Issue with bs4

Question

Issue with bs4

Closed this issue 10 years ago · 4 comments

Using the scraper-in-browser to write a scraper for a plain, 100-row table for a workshop, and BeautifulSoup() in bs4 isn't soupifying the entire page. Old version of BeautifulSoup soupifies the page properly with scraper-in-browser.

Examples:

https://gist.github.com/danhillreports/6152491

from bs4 import BeautifulSoup

from BeautifulSoup import BeautifulSoup

Answer 1 · 2013-08-06T19:10:57.000Z

Is it this bug?

http://stackoverflow.com/questions/11650700/beautifulsoup-does-not-work-for-some-web-sites/11651200#11651200

If so, add this to the line that makes the soup:

 soup = BeautifulSoup(html.content, "html.parser")

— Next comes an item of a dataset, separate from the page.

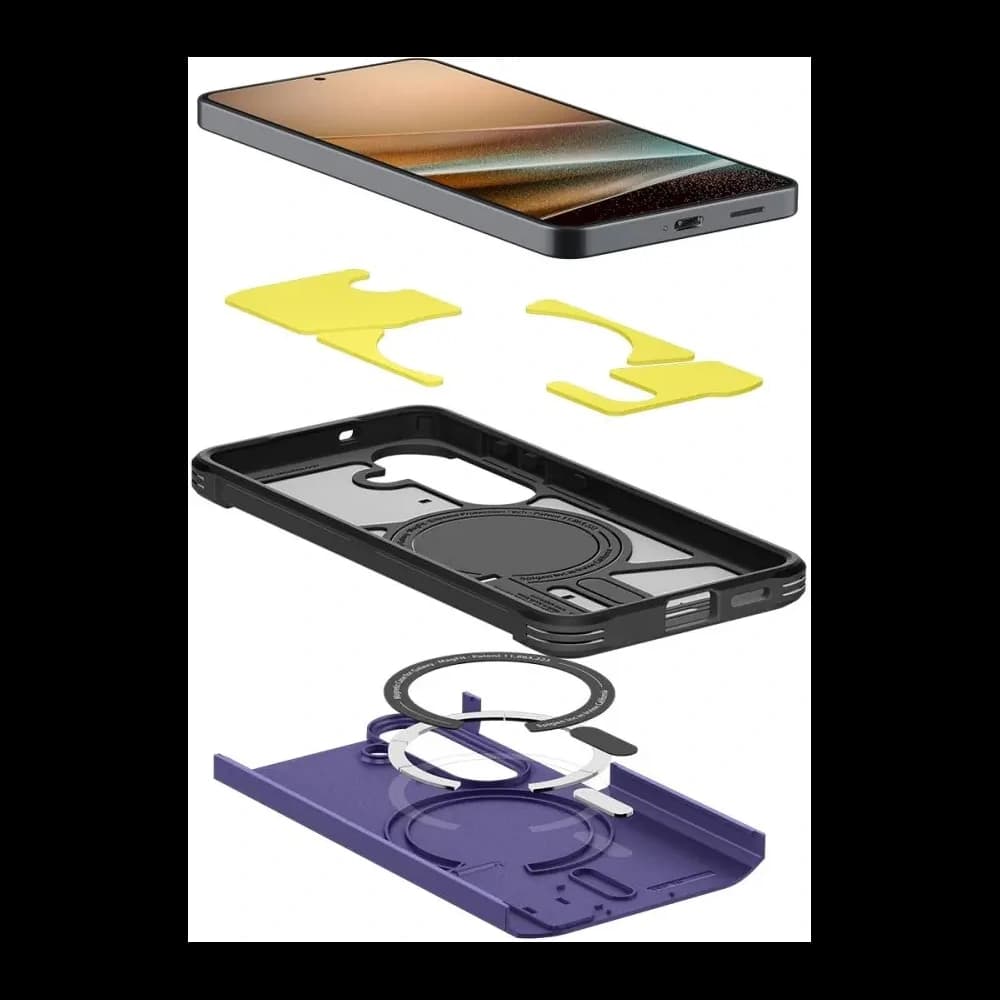 Spigen Tough Armor Mag MagSafe Samsung Galaxy S26 Asche Violett
 - 8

And also if so, it has affected a couple of people, so I need to look at what version of Python/bs4/lxml we use... Help finding a bug reporter in either lxml or bs4 would be really useful!

Answer 2 · 2013-08-06T20:48:01.000Z

Looks like that's it! Thanks, I didn't run into that article before opening the issue.

Answer 3 · 2013-08-06T21:48:51.000Z

Leaving this open as it's affected two people now. If anyone can find the upstream bugs that'd be great!

Answer 4 · 2014-05-15T15:13:52.000Z

Don't think this is an issue any more.